Dans la première partie, dix interprètes livrent individuellement leur lecture des 10 Préludes op. 23 de Rachmaninoff. Deux pianos font face au public. Quand un « prétendant » joue sous le spot du premier, le suivant vient s’installer silencieusement au tabouret du deuxième instrument, avant que le processus ne suive son cours et n’illumine les mains préparées dans l’ombre. Les deux Steinway deviennent des berceaux de métamorphoses acoustiques sous les doigts de leurs artisans sculpteurs. Sur un même instrument, l'expressivité n’a jamais dit son dernier mot : des battements d’ailes de papillon en mouvement perpétuel (Daniil Trifonov) à la motricité entortillée et aux arpèges de granit (Alexander Malofeev), en passant par les surfaces étendues et le temps éloquent (Kirill Gerstein). On apprécie particulièrement les idées d’Alexandre Kantorow, Mao Fujita et Yuja Wang. Le vainqueur du Concours Tchaïkovski 2019 illustre des battements qui se débattent en stop motion, dans un ballet souple de particules suspendues. Le jeune Japonais impressionne par son approche mozartienne semblable à un jeu d’enfant qui écarte toute pensée négative, qui avec des secousses rebondies et facétieuses laisse entrevoir le reflet d’un miroir embué. La showgirl star délaisse quant à elle l’ostentation pour feutrer ses pas dans le dixième fragment, bouleversant aussi bien par son tangage de gondole ivre sous la lune argentée que par son carillon de chœurs indécis.
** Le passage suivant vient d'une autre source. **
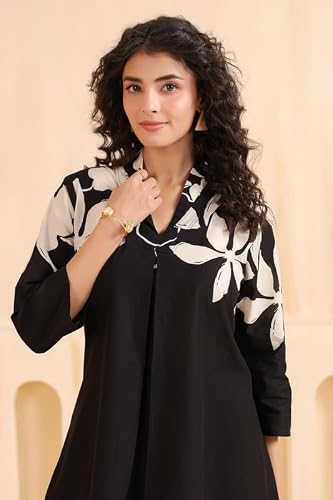 JISORA Women's Printed Cotton Co-ord Set 22CS3582-S Black S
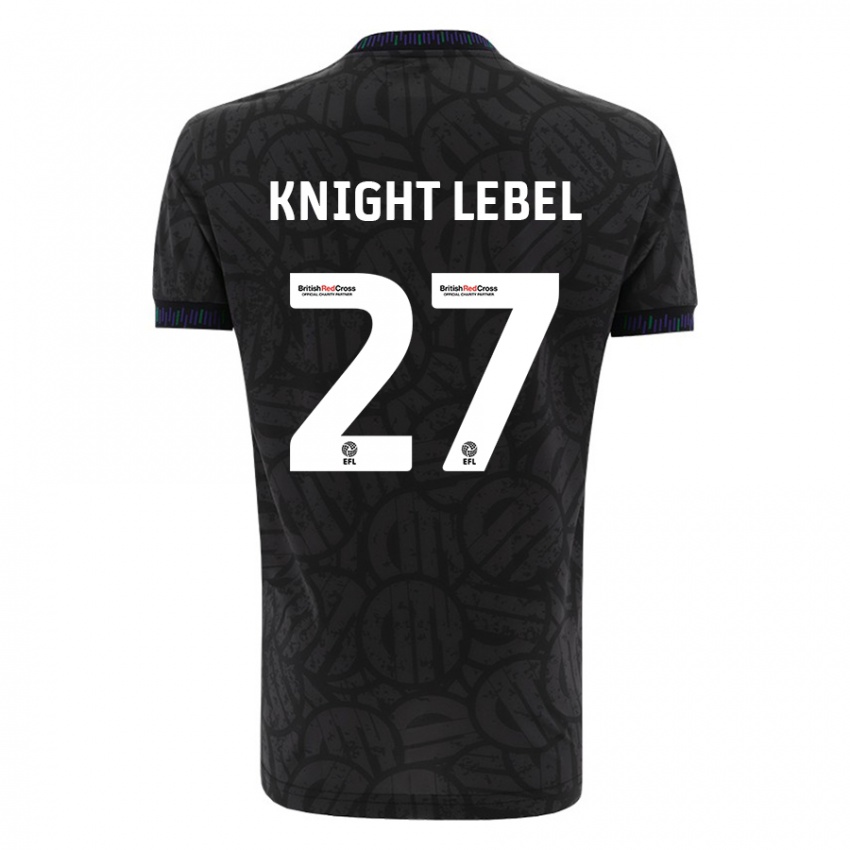 Gyermek Jamie Knight-Lebel #27 Fekete Idegenbeli Jersey 2023/24 Mez Póló Ing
L’audace anti-spectaculaire des Variations Goldberg de Jean-Sébastien Bach porte ses fruits dans le deuxième acte grâce à la transcription multi-instrumentale de Dmitry Sitkovetsky, qui permet aux relais de se concrétiser encore davantage. À un, deux, trois, quatre ou plus, les combinaisons d’invités rendent très ludiques les quarante déclinaisons de l’aria. Jusqu’à trois groupes simultanés (deux dans le noir, un dans la lumière) partagent la scène de la Salle des Combins, avec des allers-retours invisibles vers et depuis les coulisses sans que le flux de Bach ne cesse. Un tour de force de régie ! Evidemment, certaines associations d’artistes sont plus fructueuses que d’autres, mais la variété des possibilités garantit une énergie constante. Si le sur-vibrato de Mischa Maisky et la justesse d’Eduard Wulfson posent sérieusement problème, il y a de quoi se réjouir ailleurs : la trompette burlesque de Håkan Hardenberger, la clarinette céleste de Martin Fröst, ou la vertigineuse néo-variation jazz de Brad Mehldau. Le jeune pianiste Tsotne Zedginidze allie précision et ampleur, le Quatuor Ébène se lance dans une course exacte vers l’infini. Chez les altos, Lawrence Power grave ses lignes de mystère onirique, quand Amihai Grosz opte pour une superbe varappe de timbres évolutifs. Les violonistes Augustin Hadelich, Janine Jansen et Marc Bouchkov font triompher la clarté et la longueur d’archet parfaite. Avec notamment Klaus Mäkelä, en velours de son, et Sheku Kanneh-Mason, en flux de bien-être, à l’écoute bienveillante, à la main droite conteuse, l’avenir du violoncelle est assuré.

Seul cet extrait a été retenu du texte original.